I am somewhat bewildered by Boyd's assertion that there was no controversy over this resolution. The first thing I noticed when I looked at the Journal is that the Declaration was debated “by paragraphs.”
It's interesting to note that this resolution was written by both the author of the Declaration of Independence and by John Dickinson, one of the several delegates who refused to sign it. Jefferson would later claim that his original draft was too strongly worded for Dickinson and that his revisions had weakened the Manifesto. In the mid twentieth century, however, historian Julian
P. Boyd examined each man's draft and found that almost all of Jefferson's claims were erroneous. Dickinson had, in fact, strengthened the resolution. It was he, not Jefferson, who had penned the harsher, bolder, franker statements in the document. (See “The Disputed Authorship of the Declaration on the Causes and Necessity of Taking Up Arms, 1775” in the
Pennsylvania Magazine of History and Biography, January 1950 by Julian
P. Boyd who probably wasn't related to Helen).

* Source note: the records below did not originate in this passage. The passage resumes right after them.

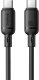 Kabel USB Baseus USB-C - USB-C 1 m Czarny (6932172668815) 1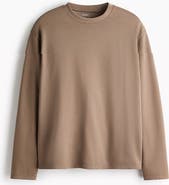 H&M Cooling Relaxed-Fit Long-Sleeved T-Shirt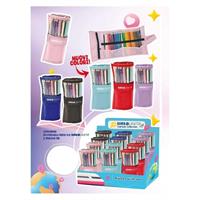 ROTOLO 24 PASTELLI MINA 4 mm + 1 MATITA - TINTAUNITA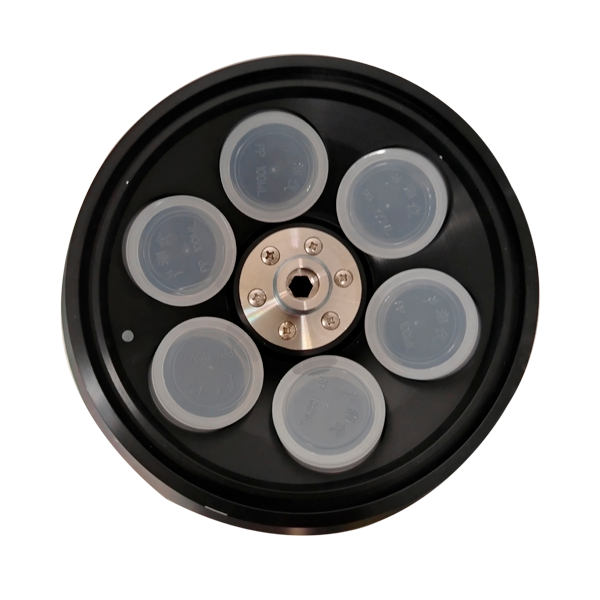 Rotor de ángulo fijo para Centrificient IVmax. Modelo: ROTOR IVMAX E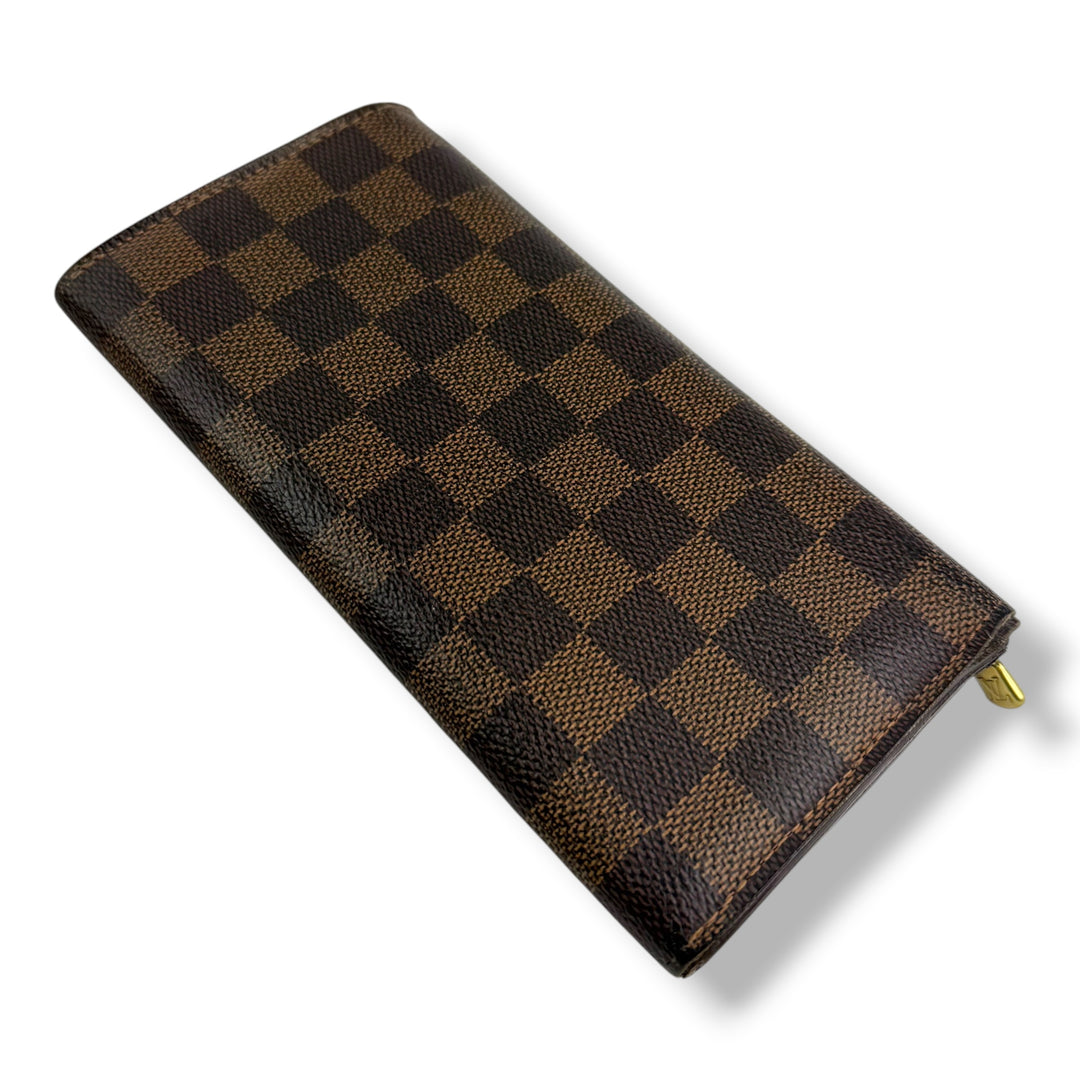 Louis Vuitton Sarah Brown Damier Femme Wallet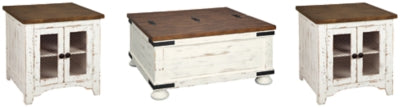Wystfield Coffee Table and 2 End Tables - T459T1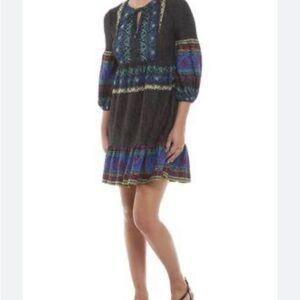 BLEECKER 126 boho chic dress 4 NWT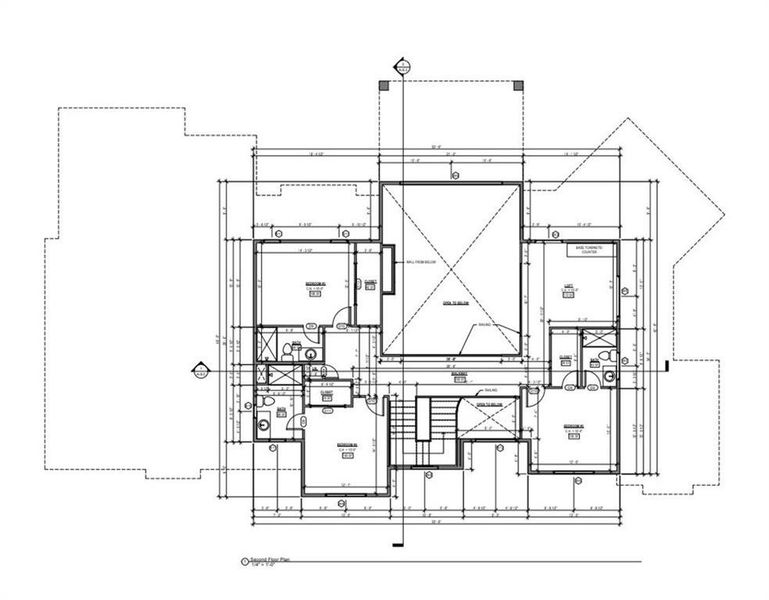 2D floor plan layout of this home in , Covington, GA (Image 5).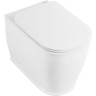 Приставной унитаз BELBAGNO PRADO BB10150CB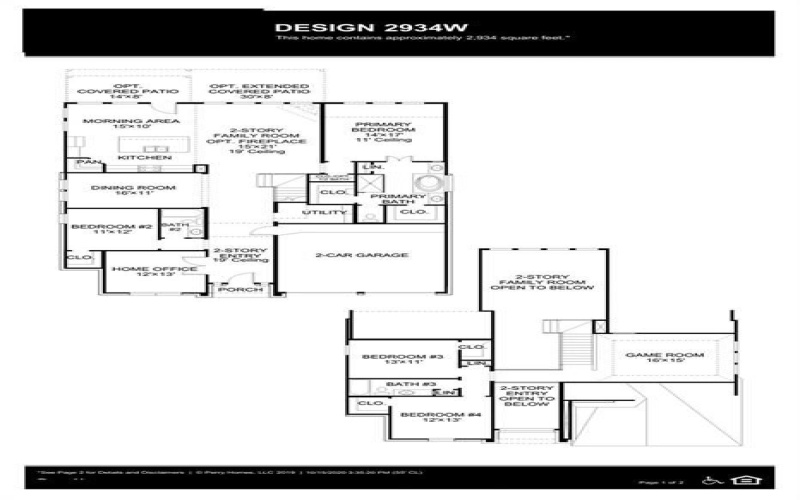 13240 Cedar Sage Trail, Fort Worth, TX 76008, 4 Habitaciones Habitaciones , ,3 BañosBaños,Residential,En Venta,13240 Cedar Sage Trail,20818273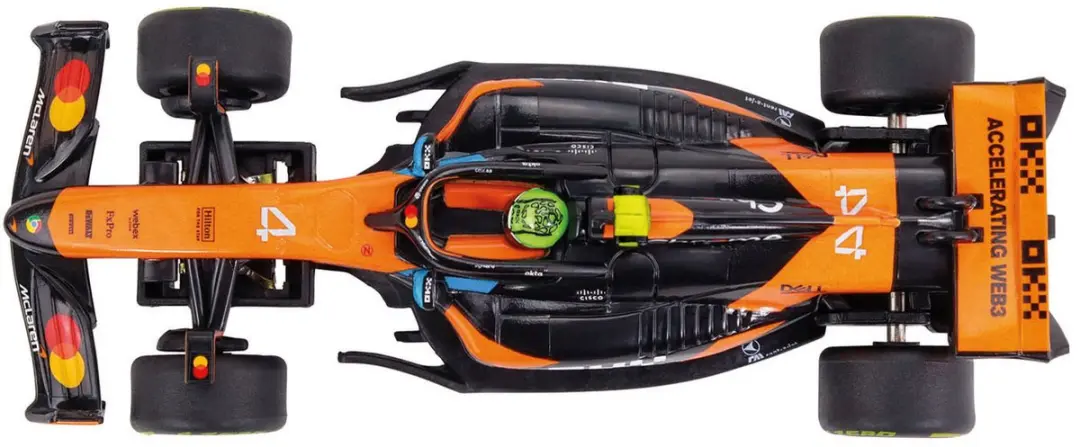 Carrera McLaren GO!!! Slotcar Set - Multi - afbeelding 4 van 5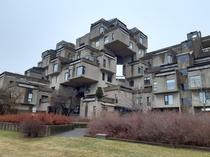 Habitat  Montreal Moshe Safdie Brutalism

Although the resolution may not have been a declaration of war, I think King George saw it as just that. It wasn't after the passage of the Declaration of Resolves in '74 or the Declaration of Independence in '76, but just after the Declaration of '75 was ratified that he issued the Proclamation of Rebellion on August 23, 1775, declaring the colonies to be in a state of “open and avowed rebellion” and that many of the subjects in the colonies were “traitorously preparing, ordering and levying war against us.”
Dickinson, at one time, had hoped for reconciliation with England but according to J. P. Boyd, the American colonies in 1775 “moved swiftly beyond the point where reconciliation was possible.” It is ironic, I think, that the rhetoric of the man who refused to sign the Declaration of Independence may have been largely responsible for making the fight for independence inevitable.